そもそも作動分布型の火災報知器とは何かというとマンションやビル、ホテルなど天井の低い個所で使われる感知器をスポット型と呼ばれるのに対し、広範囲を一つの感知器でまかなうものをいう。大型の工場や発電所、体育館など床面積が広く天井が高い現場に使われる。
↑おなじみスポット型
↑空気管式のイメージ図、直径が2mm程度の為ほぼ肉眼で下からは見えない
空気管式は非常に簡単な原理で、火災が起きると天井に張り巡らされた空気管の内部が膨張し、感知器のダイヤフラムが膨らみ接点を働かせ発報する仕組み。簡単な構造から設置後数年はトラブルが少ないのだが… 20年、30年と老朽化が進むとやっかいなことになってくる。
火災報知器のトラブルは主に、勝手に作動する誤報か試験しても作動しない不動作がほとんどである。ケーブルの絶縁不良などを除いてスポット式は本体を交換すればよいが、空気管式のトラブルは根が深い。

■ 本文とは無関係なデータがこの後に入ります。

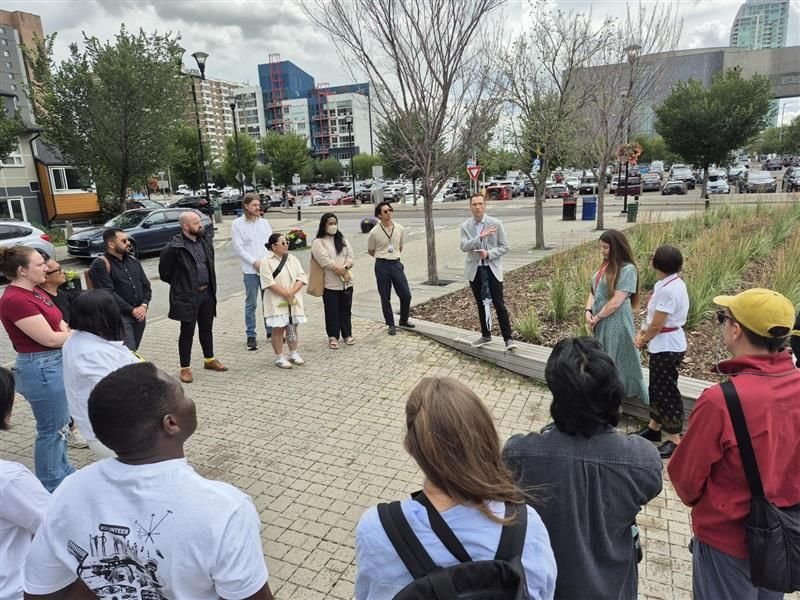 Group of people gathered outdoors on a paved area near trees, listening to a woman in traditional dress, with city buildings and parked cars in the background.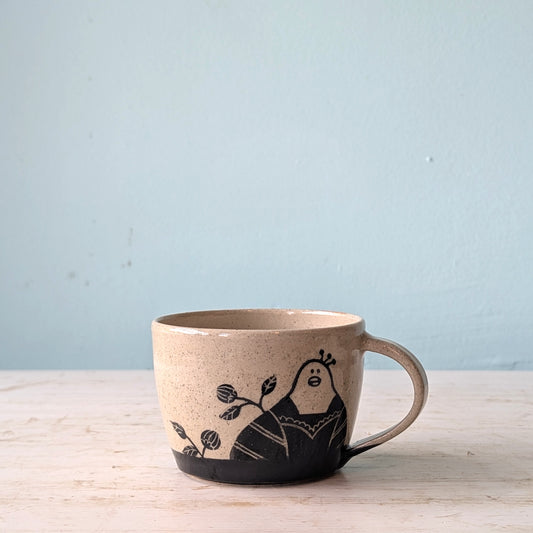 Ceramic mug with a black illustration of a peacock on a light blue background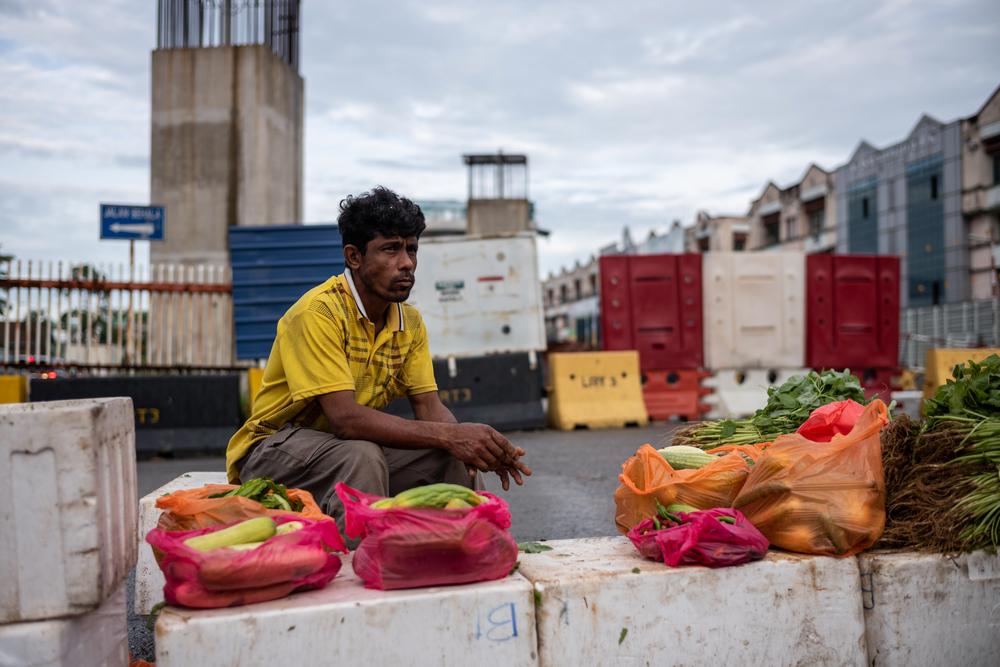 A Rohingya man sells vegetables near the Pasar Baru market, Kuala Lumpur. @Arnaud Finistre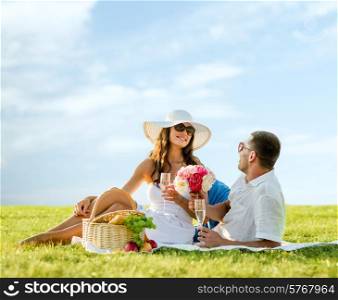 love, dating, people and holidays concept - smiling couple drinking champagne on picnic outdoors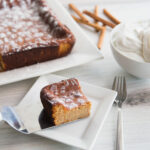 Piece of ginger cake on a spatula. A bowl of chantilly cream to the side, along with the rest of the Ginger Cake.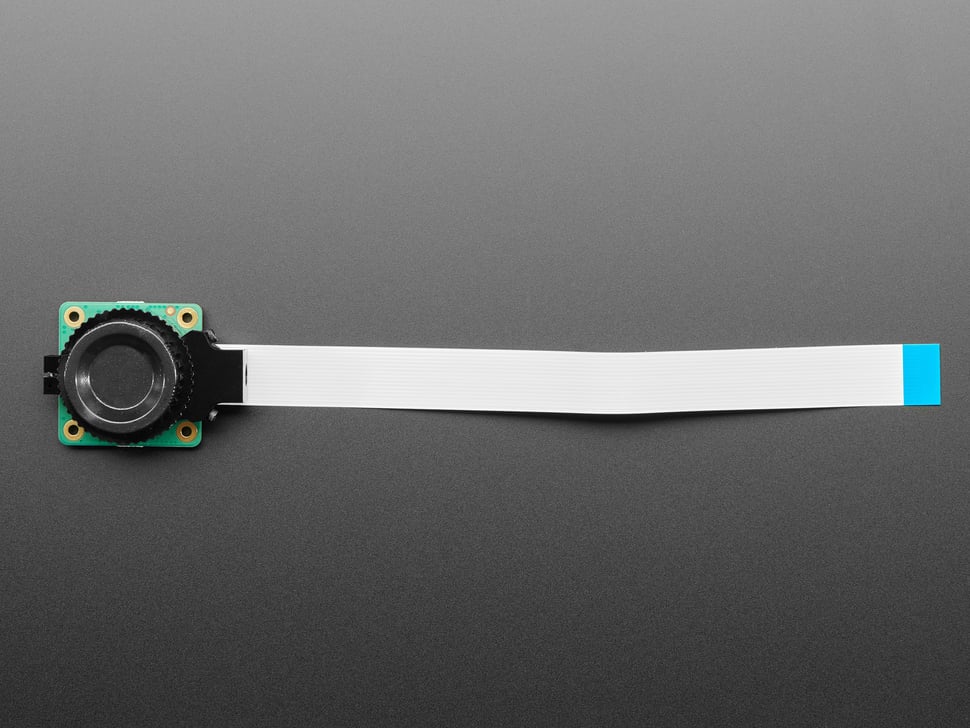 Top view of camera module connected to FPC ribbon cable.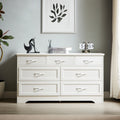 White dresser chest with drawers and chrome metal bar pulls, styled top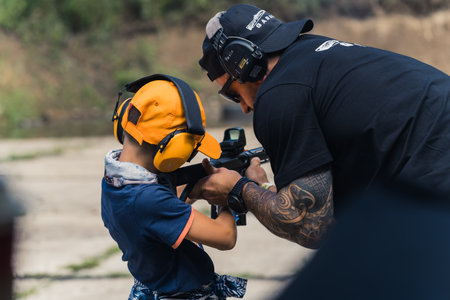 2022.08.07 Modlin, Poland - Male instructor showing child in safety headphones how to operate submachine gun. Gun training at firing range. Outdoor horizontal shot. High quality photoのeditorial素材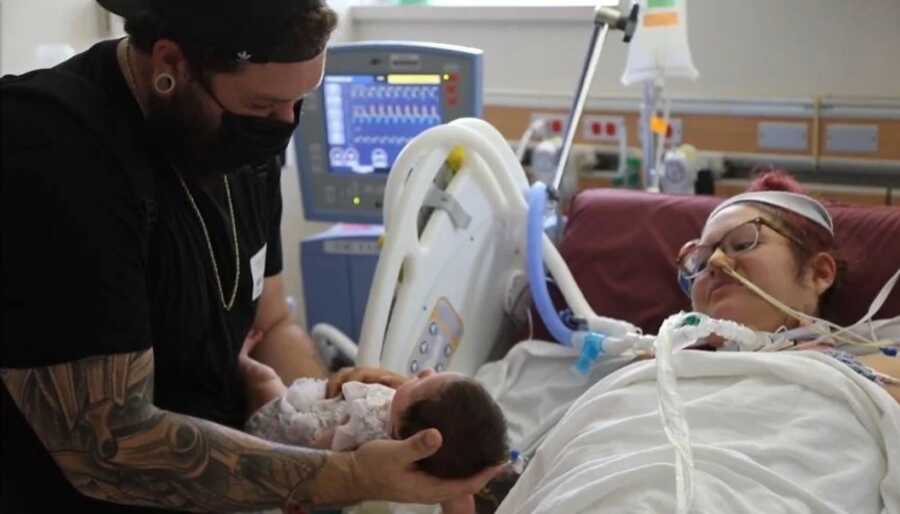 dad introducing baby to mom after she has been battling COVID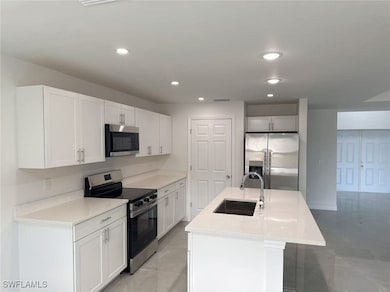 Kitchen with white cabinets, stainless steel appli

誤報の場合・・・・空気菅の詰まりが考えられる。気圧の急激な変化で発報することもある。
不動作の場合・・・空気管が切れている可能性大、試験をしてはじめて発見できる。
数メートルの高さと長さの空気管の外観点検はほぼ不可能に近いため、空気管が異常かどうか確かめるにはまず菅を感知器から外し片方を口にくわえ息を吹く、もう片方の菅を水につけポコポコ気泡が出たら正常だ。切れも詰まりもない事が確認できる。
問題は詰まりや切れによって気泡がでなかった場合だが、これは天井まで登るしかない。菅を切断し2か所息を吹く…そうすれば不良がある空気管の範囲を限定することができる。
この作業である程度あたりを付け、空気管を敷設し直し半田ゴテで接続するとようやく補修が完了する。
この作業は危険かつ労力もかかる。そして資格もないと調査もできない。とはいうものの老朽化すると空気管式は必ず不具合を起こす。これを読んでる設備管理者は間違っても受信機盤で機能を停止することが無い様に願いたい。なぜなら人を守る重要な設備だから・・・・。